13. Documents used for reproduction / tools

1. All documents used for reproduction (photographs, computer media, typographic material, montages, clichés, etc.) and all tools (cutting shapes, matrices, etc.) remain the property of the manufacturer, even if the costs of creating the documents and tools have been invoiced to the client.

14. Preservation of working documents

1. The manufacturer is not obligated to retain working documents such as files, negatives, color proofs, lithographs, films, compositions, proofs, or tools after the goods have been manufactured and delivered, unless otherwise agreed in writing. A record of the final data intended to safeguard the technical production data of the goods will be deleted six months after the delivery date.

2. When the retention of working documents has been agreed upon in writing, the resulting costs, e.g., for archiving, retrieval, formatting, and editing, will be invoiced at cost. The retention of working documents is at the client's risk. The manufacturer assumes no responsibility for the subsequent proper availability of the archived working documents.

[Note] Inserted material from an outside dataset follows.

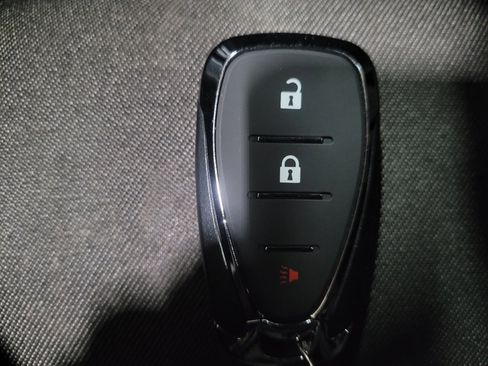 Used 2019 Chevrolet Equinox LT image 32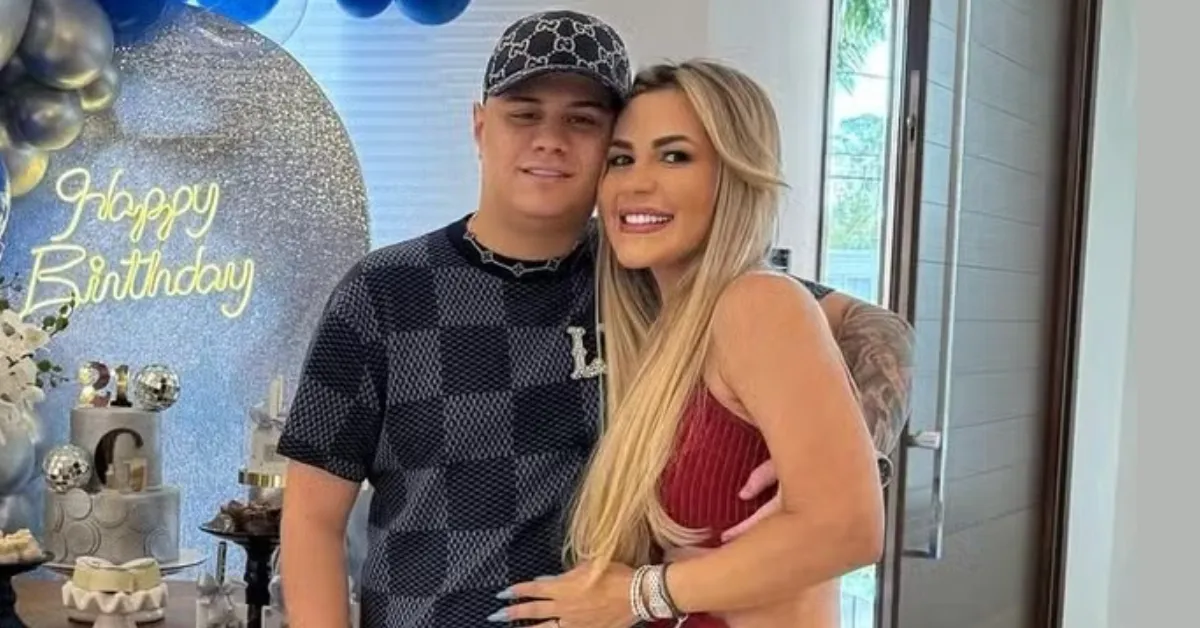 Chefinho, filho de Deolane Bezerra, exibe rotina de luxo nas redes sociais e passou a ser alvo de investigação policial em operação contra lavagem de dinheiro.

15. Limitations of liability

1. With regard to direct damages caused by gross negligence or willful misconduct and suffered by the principal due to the manufacturer or its auxiliary personnel during the performance of contractual obligations, the manufacturer's liability is limited to a maximum of the agreed or confirmed price of the goods.

2. The manufacturer accepts no responsibility for inaccurate or incomplete data transmitted by the customer (via computer or modem). Furthermore, the manufacturer disclaims all liability when the data provided cannot be processed or used in a standard manner and consequently results in defects in the ordered products. The manufacturer accepts no responsibility for the loss of delivered data or data requiring reprocessing.

3. The client's right to compensation exceeding that mentioned above is deemed nonexistent. In particular, the manufacturer assumes no liability for indirect or defective damages, for economic losses, or for damages resulting from lost orders or lost profits on the part of the client, etc.

16. Modifications, additions and partial cancellations

1. Any modification and addition to these general conditions or to a contract between the manufacturer and its principal, as well as any other legally binding declaration by the contracting parties, must be recorded in writing to be valid.

2. If any clause of these general terms and conditions or of a contract between the manufacturer and the client is deemed null and void, that clause shall be replaced by a new, valid clause that most closely approximates its legal or commercial purpose. The validity of the other clauses of the contract and these general terms and conditions shall not be affected.

17. Place of execution and jurisdiction

1. The place of performance for both parties is the manufacturer's headquarters.

2. In the event of any dispute arising out of or in connection with the individual contract between the contracting parties and these general terms and conditions, including disputes relating to the performance, legal validity, modification, or termination of said contract, the courts of the manufacturer's registered office shall have exclusive jurisdiction. The manufacturer is also entitled to bring an action before the courts of the principal's registered office or branch. The principal expressly waives the right to bring an action before the courts of its place of jurisdiction, the courts of its registered office or branch, or any other court.

18. Applicable law

1. The contracting parties hereby submit their legal relationship to Lebanese law. This supplements the contract and these general terms and conditions. The application of the United Nations Convention on Contracts for the International Sale of Goods (Vienna Convention) is explicitly excluded.